>>

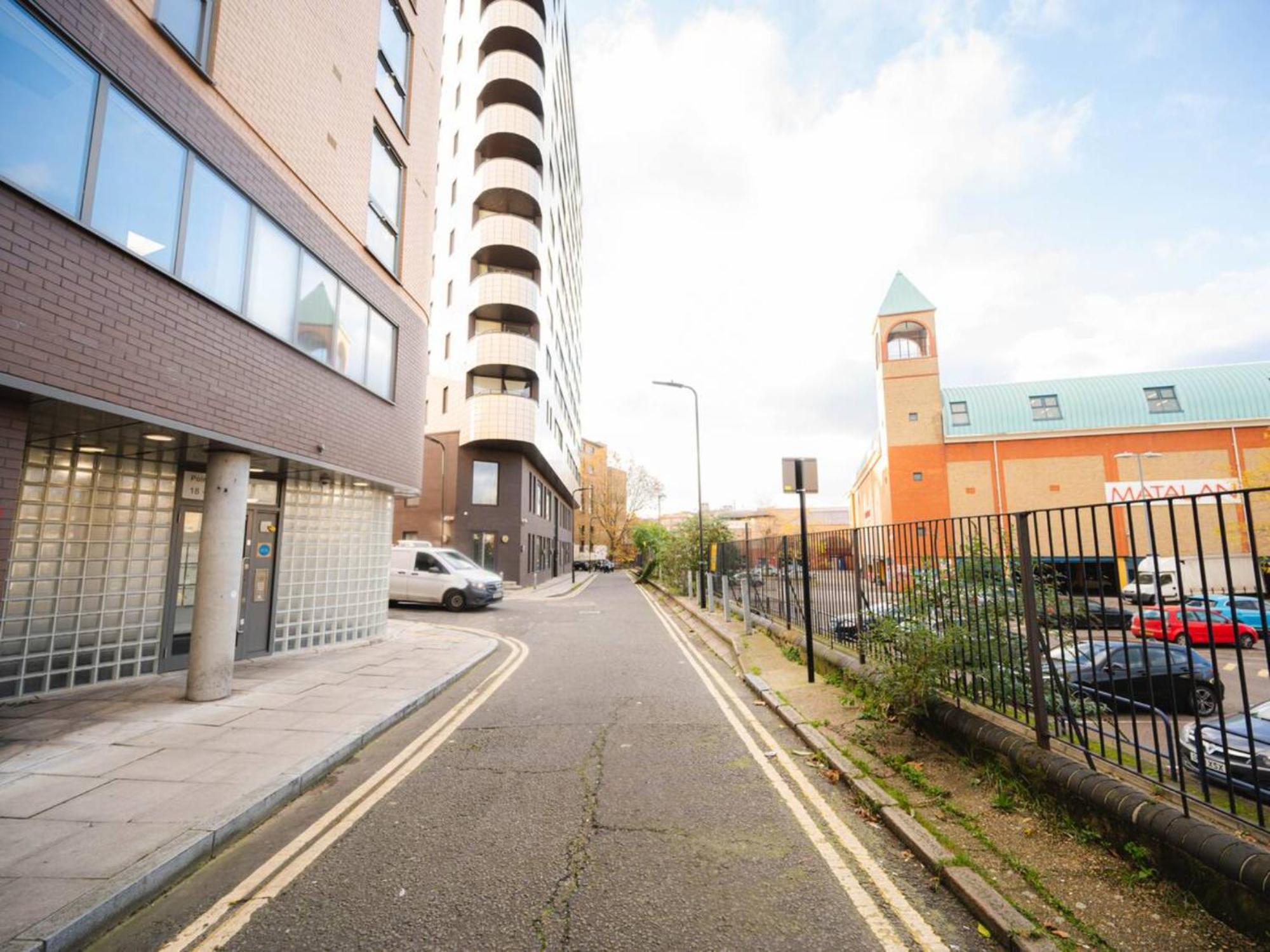 Pass The Keys Modern 2-bed With Private Balcony, Near Dalston Junction Station - Ideal Urban Retreat! Appartement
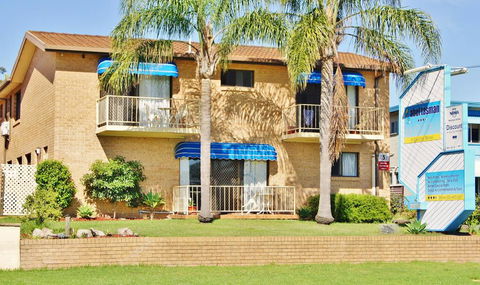 Abel Tasman Motel - Accommodation Gladstone 0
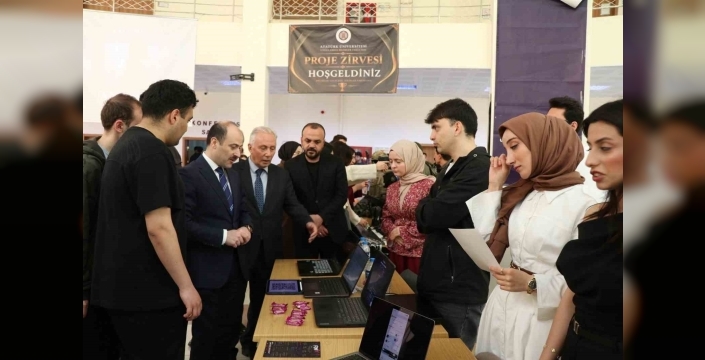 Proje zirvesine yoğun ilgi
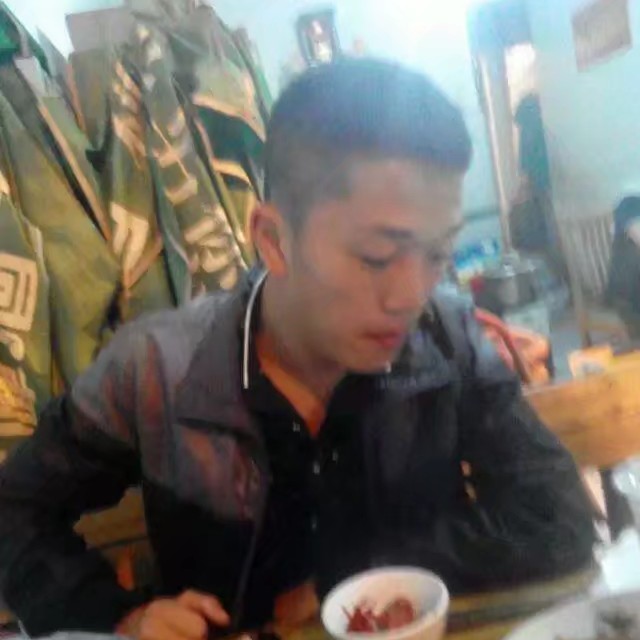 路人乙look的照片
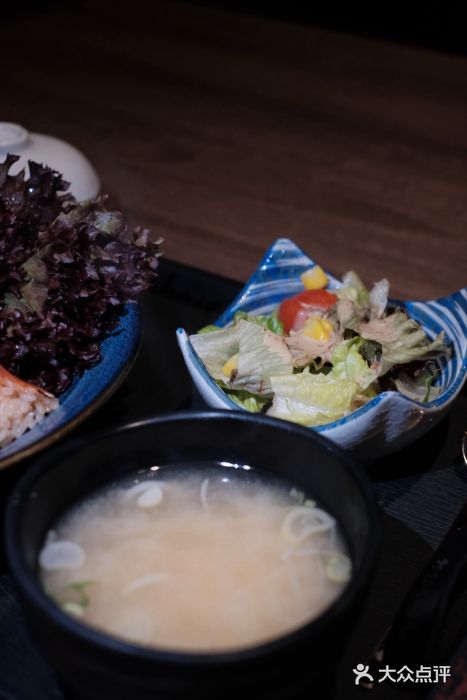 家贺屋刺身寿司专门店图片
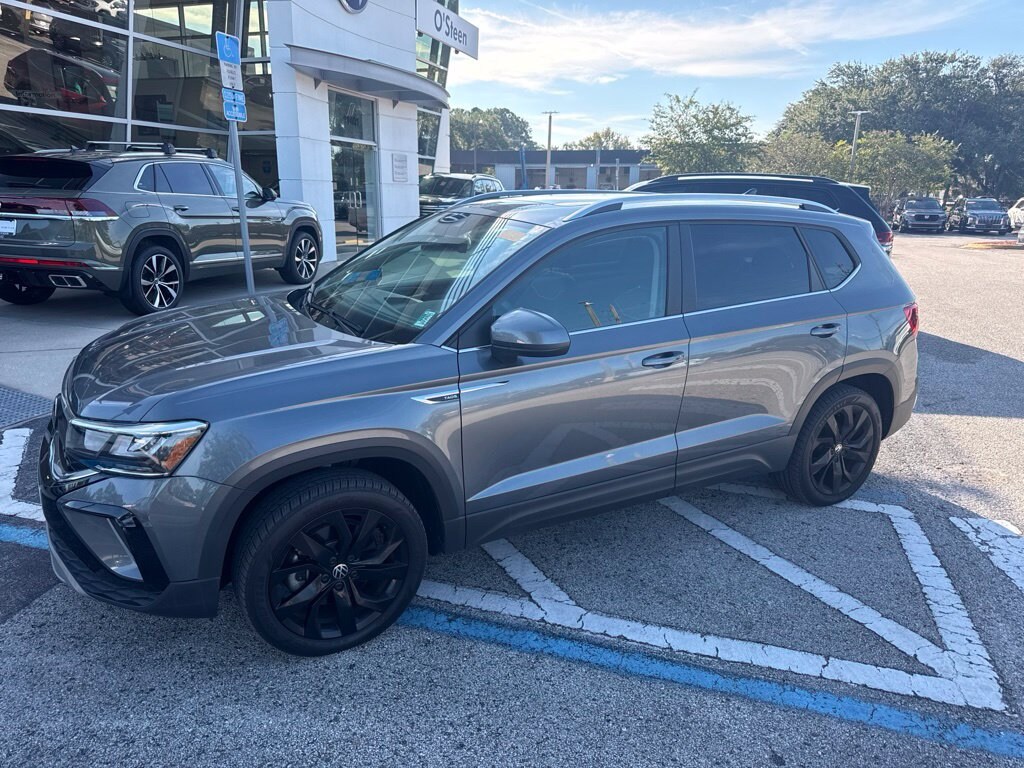 Certified 2024 Volkswagen Taos 1.5T SE SUV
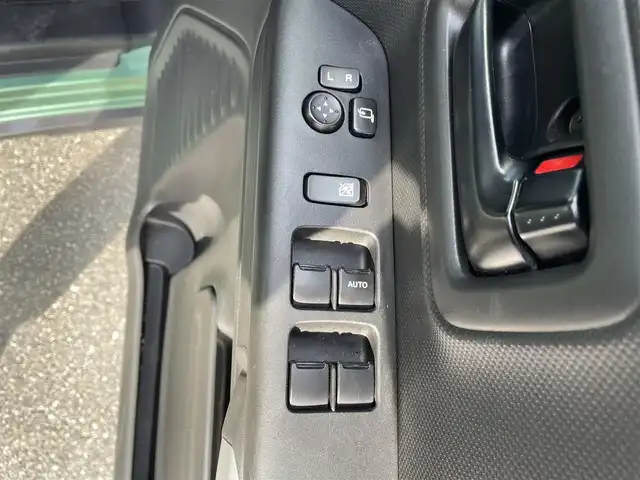 スズキ スペーシア ギア HYBRID XZ 大阪府 2019(令1)年 7.3万km ツールグリーンパールメタリック/ガンメタリック2トーンルーフ ”(株)IDOMが運営する【じしゃロン堺店】の自社ローン専用車両になります。/こちらは現金またはオートローンご利用時の価格です。自社ローンご希望の方は別途その旨お申付け下さい”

<<

To do:
The data must be repeated exactly. Any pictures in it are to be left out.

Answer for the task:
 Pass The Keys Modern 2-bed With Private Balcony, Near Dalston Junction Station - Ideal Urban Retreat! Appartement
 Abel Tasman Motel - Accommodation Gladstone 0
 Proje zirvesine yoğun ilgi
 路人乙look的照片
 家贺屋刺身寿司专门店图片
 Certified 2024 Volkswagen Taos 1.5T SE SUV
 スズキ スペーシア ギア HYBRID XZ 大阪府 2019(令1)年 7.3万km ツールグリーンパールメタリック/ガンメタリック2トーンルーフ ”(株)IDOMが運営する【じしゃロン堺店】の自社ローン専用車両になります。/こちらは現金またはオートローンご利用時の価格です。自社ローンご希望の方は別途その旨お申付け下さい”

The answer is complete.